The Pitch. Athom, developer of Homey, has put together an attractive video that shows users adjusting the thermostat, queuing up movies with subtitles, and even setting the mood in the bedroom. Athom is far along in the development process, but are raising money through crowdfunding to keep retail costs down and fund the manufacturing process, with a goal of €100,000. Stretch goals are available at €200,000 to create if-then flow commands that will automate things even more, and at €300,000, multiple colors will be available including a Pokémon-themed Poké Ball color scheme.

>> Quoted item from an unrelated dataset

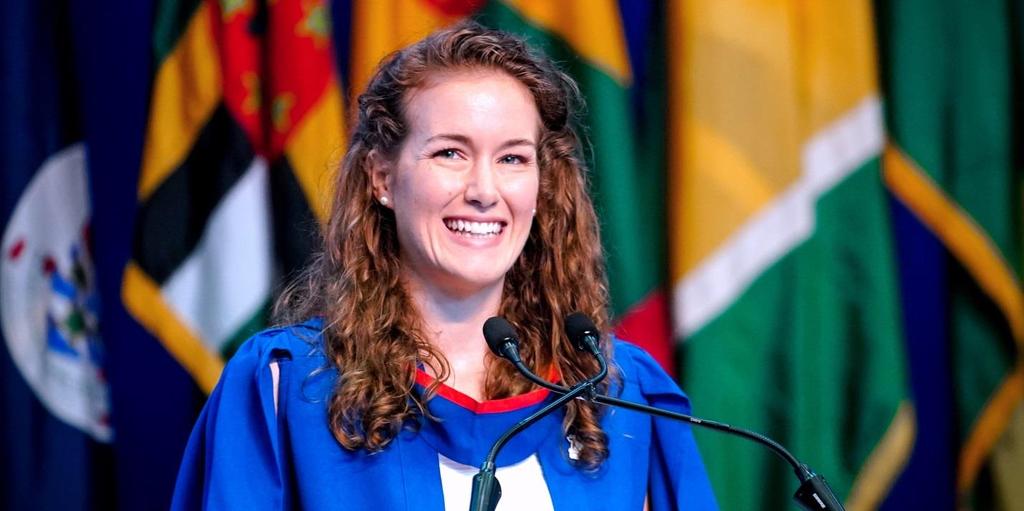 1 THE UWI GRADUATION 2018: VALEDICTION Shine Your Light to Help Others By ZOE BROWN Zoe Brown Ms Zoe Pearl Brown (Bachelor of Science, Psychology [Special], First Class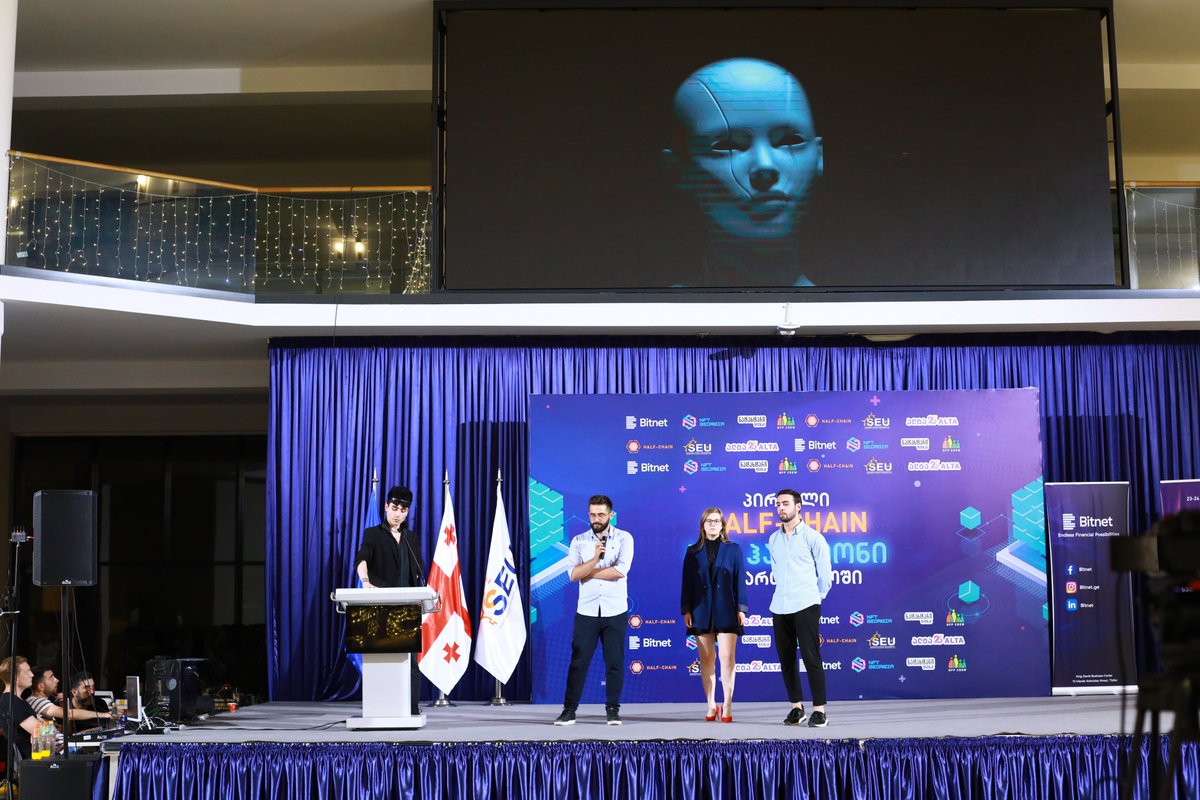 HALF-CHAIN tweet media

The Perks. Setting up a home with a Homey will take a pledge of €229, with an extra €20 for shipping in June 2015. For €239, the Geek Edition is available, giving developers two wireless transceivers, jumper cables, and access to the development kit to add more features to the device. Homey can be had a little sooner for €399, arriving in April instead of June.

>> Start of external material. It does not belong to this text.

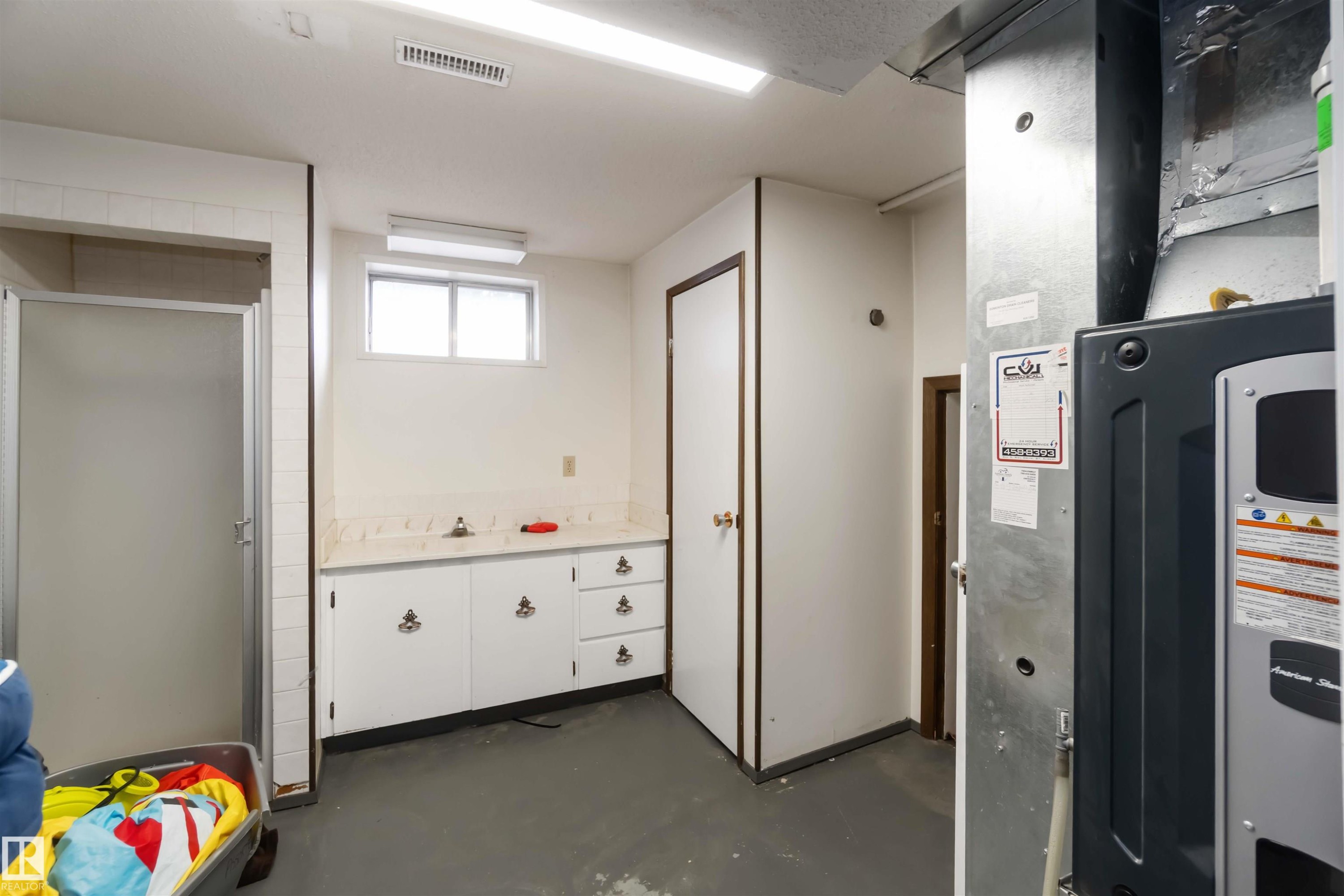 Basement featuring water heater and heating unit - 6 Garraway Pl, St. Albert, AB - Indoor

The Potential. Home automation is an industry that everyone wants a piece of, and Homey looks like it might become the interface that people want to adopt. Bearing more than a passing resemblance to the Google Nexus Q and adopting a similar feature set to the EmoSPARK, the Homey already might look like a copycat device, but the sheer number of wireless connectivity options and flexibility of functions makes it an intriguing option. Another chief competitor for the Homey will be the Ubi, which right now might be a little less powerful in terms of precise control, but also offers users the ability to answer basic internet questions by asking them out loud. With so many choices, it’s the little differences that will separate the success stories from the footnotes, and it seems like Homey might be able to edge out most of the competition when it comes to features and design.

Smart Home

Talk to your home and have it listen and respond with ALYT

The Premise. Part of the smart home dream has always been being able to talk with a place of residence and trust it to control climate, security, and sense problems. Of course, for as long as smart home technology has been developed, it’s been reaching toward this goal without ever getting there.

The Product. ALYT is an Android-powered hub that looks like the solution to these problems. By being an open platform operating on just about every imaginable form of wireless data, ALYT allows for voice and video recognition to control virtually any aspect of a home – as long as developers create an app for it. Compatible with iOS, Android, Bluetooth, NFC, Z-Wave, 3.5G and more, the flexibility of the ALYT system opens it up to all kinds of innovative development.

The Pitch. By all indications of the video introduction, there seems to be nothing the ALYT can’t handle. From protecting homes from floods to keeping an eye on the family pet while at the office, the flexibility of the ALYT is on display. For those that need a little more convincing, the campaign contains lots of details on how ALYT can be put to use for almost any home application.  ALYT needs to raise $100,000 for production and certification, with stretch goals offering increased compatibility and other features.

The Perks. For developers that want to get started with ALYT as soon as possible, the $149 reward tier comes with a prototype PCB, wireless detector, wireless door sensor and a self-development kit to arrive in June of this year. Home users who simply want a functional ALYT without developing for it can get one in July for $199, and from there, more accessories are available at higher tiers depending on what owners want an ALYT for. A home security kit can be had for $299, a smart home functionality kit is $329, and a video surveillance kit is $479, all expected to ship in November. All reward tiers including a shipping fee of at least $15.

The Potential. ALYT is very high-concept, as it really seems to offer more as a platform than as a consumer-level device. Once the apps and the development get rolling, it would be easy to see how this hub would be a must for any smart home. For now, however, the ALYT is only as strong as its app base, and that may lead consumers to look elsewhere for their smart home hubs, whether it’s the popular Revolv or the similarly-designed Ninja Sphere.